I find it interesting that sestnacteho has the eho ending even though it refers to the century and not the horse!!??


Masculine and neuter have the same ending in this case.


Is there any discussion here that explains the placement of adverbs, or could anyone possibly explain the rules for adverb placement? I'm having a lot of trouble figuring out where to put them in Czech sentences. Thanks!


One helpful hint that I've received is that, in general, we should keep adverbs close to the verb; there are, no doubt exceptions. One of the Czech natives on the team may have something more authoritative to offer.


"Koně tady bydlí už od šestnáctého století." was wrong. Does už not fit here or is bydlet not right for horses? or both?


I wrote "Kone zijou tady od..." and was wrong. There's no "second position rule" going on, so is my sentence truly wrong, or merely awkward?


How do you define wrong and awkward? It sounds unnatural and I do not think a native would normally say that. Tady does prefer the second position here, it is mentioned in this discussion https://forum.duolingo.com/comment/31466920/Ordering-the-Czech-clitics-Introduction-2019-04-18


endless_sleeper mentioned it in the discussion below the article


Thanks, as always, to VladaFu and the rest of the Czech team!


I'm curious why "bydli" doesn't work here. Does "bydlet" specifically apply to humans?

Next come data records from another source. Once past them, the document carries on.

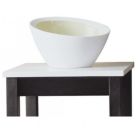 Kohler 3040N-TP-T7 Tellieur tabletop for K-3100, cut for Timpani Vessels lavatory in Solar Black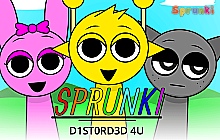Sprunki Distorded 4u img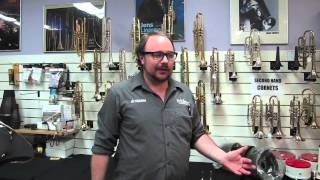 OZWINDS  How To Choose a Trumpet Mouthpiece [upl. by Mandi791]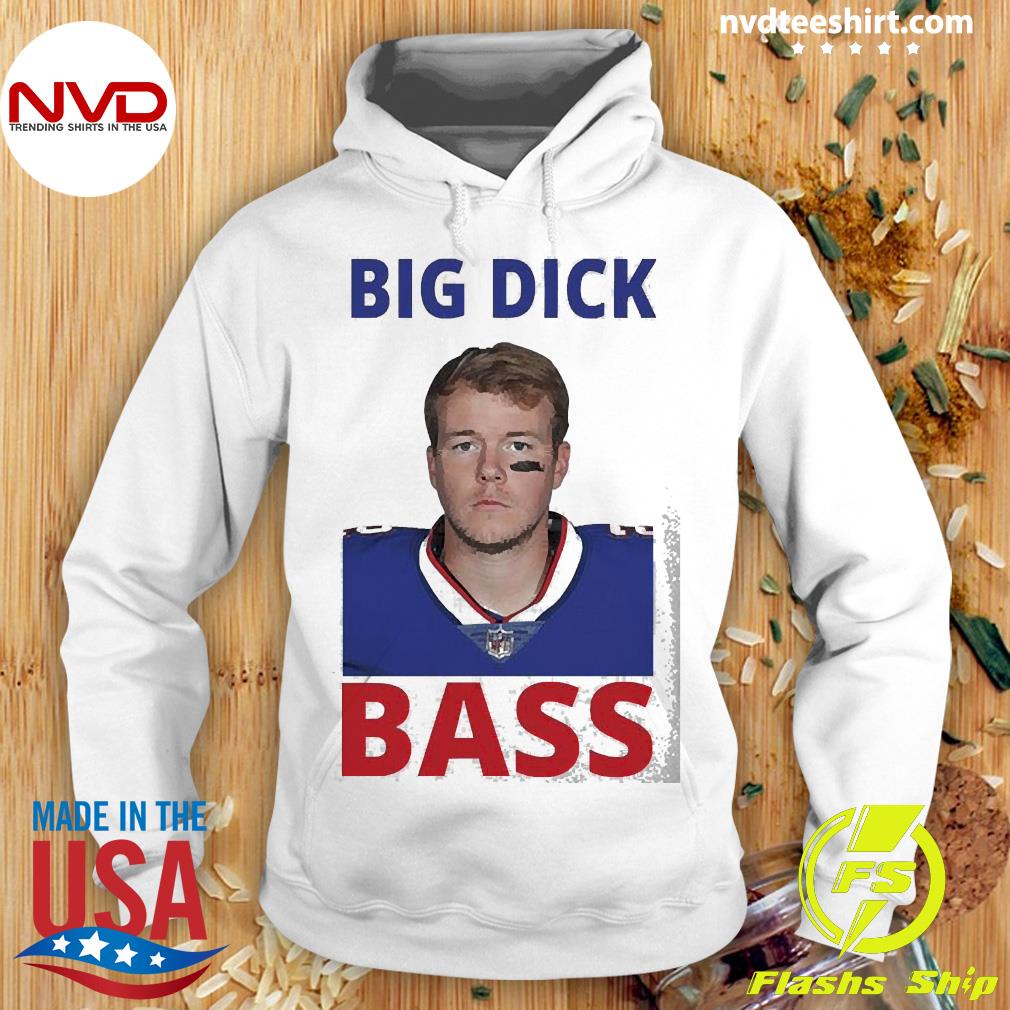 Tyler Bass Big Dick Bass 2024 Shirt - NVDTeeshirt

I'd guess that "bydlet" is more like "reside" in English, while "zijou" (cannot recall its infinitive form now, zít maybe) is closer to "live" (literally).


Both of you are right to some extent. "Bydlet" is really "to dwell", to have your home somewhere.

It also isn't used about animals too often. It is not impossible when they have their home in some specific hole or tree or somewhere, but then it certainly is about that particular small place where they go to sleep and have their eggs or their small offspring and still is not too common. Also, they should normally dwell their on their own, not be put their by their owners.

The verb "bydlet" cannot really be used about some species being present in some area.